After graduating from Cook's Collegiate Institute in 1873, she worked briefly as a teacher in New York state, then taught elocution at Milwaukee Female College. In 1875 she enrolled in Boston University's School of Oratory, where one of her teachers was Alexander Graham Bell. At B.U. she was described by one of her professors as "the greatest woman reader in the country." This was a significant compliment in an era of oratory when speakers such as Charles Dickens and Mark Twain were paid thousands to read lengthy pieces of their work. Baright graduated with honors in 1877.

== Career ==

After graduation she was appointed First Assistant to Lewis Baxter Monroe, Dean of the School of Oratory. In 1879, she and Monroe were planning to open a summer school for oratory on Martha's Vineyard when Monroe died. Rather than cancel, Baright successfully ran the five-week program herself. It was the first summer school of its kind in the country. That fall, Samuel Silas Curry took over the leadership of the Boston University School of Oratory.

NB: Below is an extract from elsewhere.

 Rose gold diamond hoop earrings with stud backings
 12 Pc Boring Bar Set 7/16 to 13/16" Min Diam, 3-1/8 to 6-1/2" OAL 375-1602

Encouraged by Boston University's first president, William F. Warren, Baright started her own school in downtown Boston that fall. The School of Elocution and Expression offered a two-year program modeled after that of the B.U. oratory school. Baright based her teaching on Monroe's principle that "expression is the outward manifestation of that which is already in the consciousness." Professor J. W. Churchill called her "the greatest woman teacher of elocution in the country."

In 1882, Baright married Samuel Silas Curry and became Anna Baright Curry. In 1885, the school was renamed the School of Expression, and Samuel Silas Curry became the head of the school with Anna Baright Curry serving as Dean. Former Boston University School of Oratory professor and telephone inventor Alexander Graham Bell became the school's first chancellor from 1907 until his death in 1922. The Currys ran the school until their respective deaths in 1921 and 1924. Years later, the school was renamed Curry College in their honor.

== Personal life and death ==

Baright and Curry married on May 31, 1882. The couple had six children, one of whom was the noted mathematician Haskell Curry. Baright Curry was a member of the New England Women's Club, the Cantabrigia Club, and the Boston Browning Society. She died in Boston in February 1924.